Although it was largely ignored during antiquity and the Middle Ages, the poem generated scholarly interest upon its 15th-century rediscovery. The Italian humanist Lorenzo Bonincontri delivered lectures on the Astronomica to large audiences and compiled his lecture notes into the work's first commentary. Bonincontri was apparently interested in Manilius's treatment of the nature of comets in the first book of the Astronomica, and, according to Stephan Heilen, portions of Bonincontri's De rebus naturalibus et divinis are based on Manilius's work.

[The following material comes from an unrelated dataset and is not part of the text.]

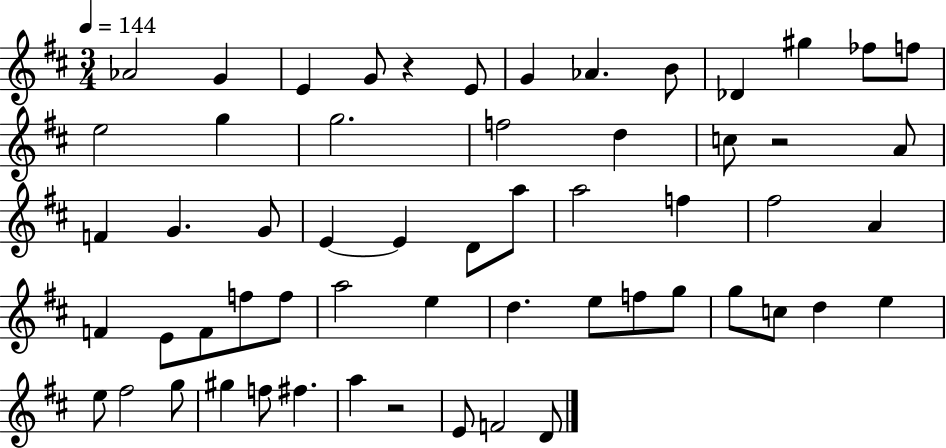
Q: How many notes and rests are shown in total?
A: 58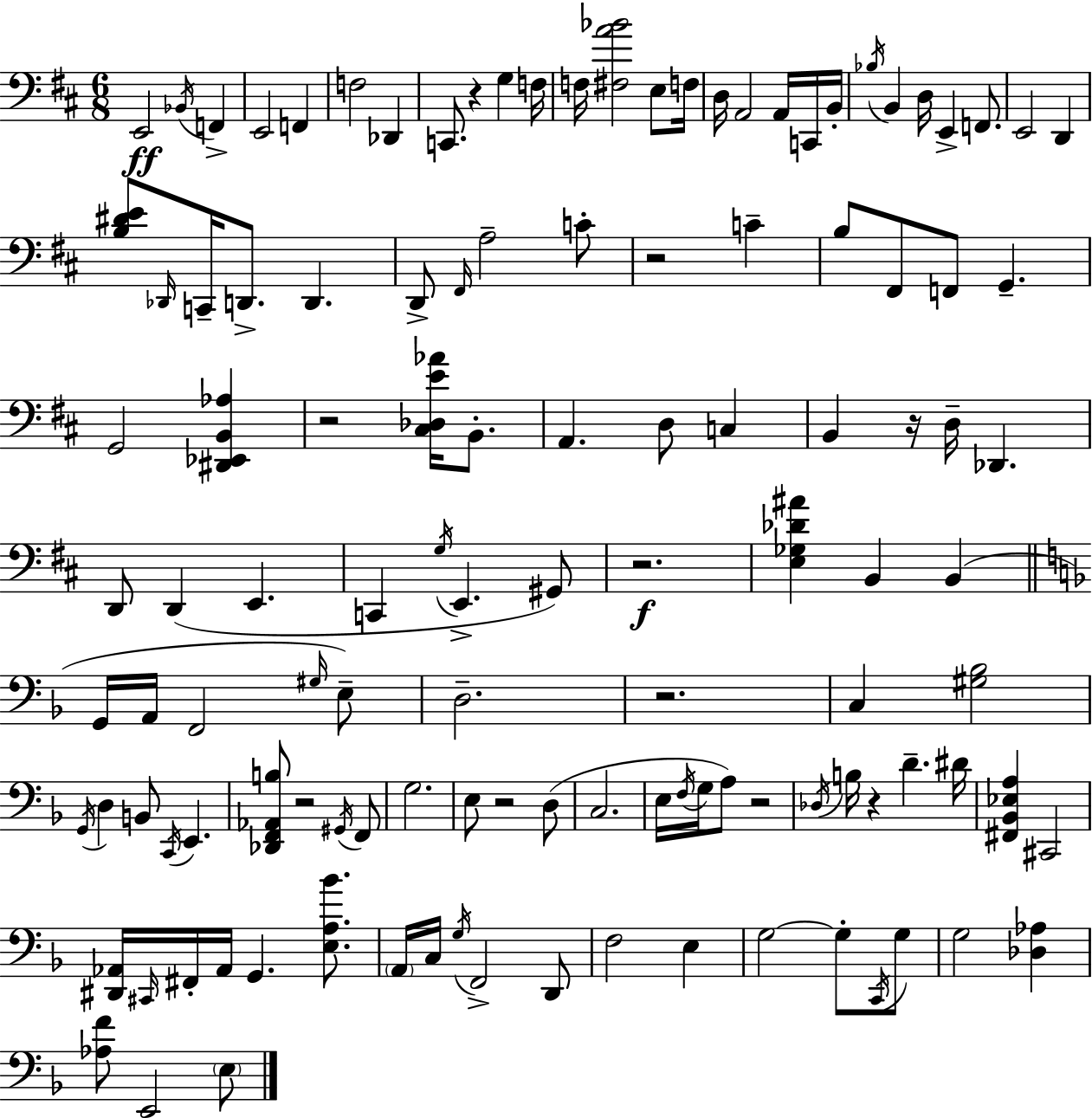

Despite the attention it received after its rediscovery, the Astronomica has never been as widely studied as other classical Latin poems. Nonetheless, interest in the poem developed in the second half of the 20th century when scholars began to study Manilius's philosophical and scientific ideas. The first full-length English monograph on Manilius and the Astronomica was Volk's Manilius and His Intellectual Background, which was published in 2009. Two years later, Volk and Green edited Forgotten Stars: Rediscovering Manilius' Astronomica with essays from scholars worldwide. The book's purpose was to "encourage readers to discover Manilius" and expand scholarly interest in the Astronomica, since previous research of the work's poetic, scientific, and philosophical themes had been primarily limited to Germany, France, and Italy. And while Manilius and his poem have been analyzed by scholars, many lay readers find the Astronomica confusing and overly technical. According to Kristine Louise Haugen, "The ambiguous phrases and extravagant circumlocutions necessitated by Manilius's hexameter verse must often have made the Astronomica seem, as it does today, rather like a trigonometry textbook rendered as a Saturday The New York Times crossword."

Scholars have noted the irony of Manilius's relative obscurity, because he wrote the Astronomica in the hope of attaining literary immortality. Housman voiced this sentiment in a dedicatory Latin poem written for the first volume of his edition that contrasted the movement of celestial objects with mortality and the fate of Manilius's work. He compared the Astronomica to a shipwreck (carmina ... naufraga), arguing that it was incomplete and imperfect, having barely survived textual transmission; Housman mused that because Manilius's ambitions of literary fame and immortality had been almost entirely dashed, his work should serve as an example of why "no man ever ought to trust the gods" (ne quis forte deis fidere vellet homo).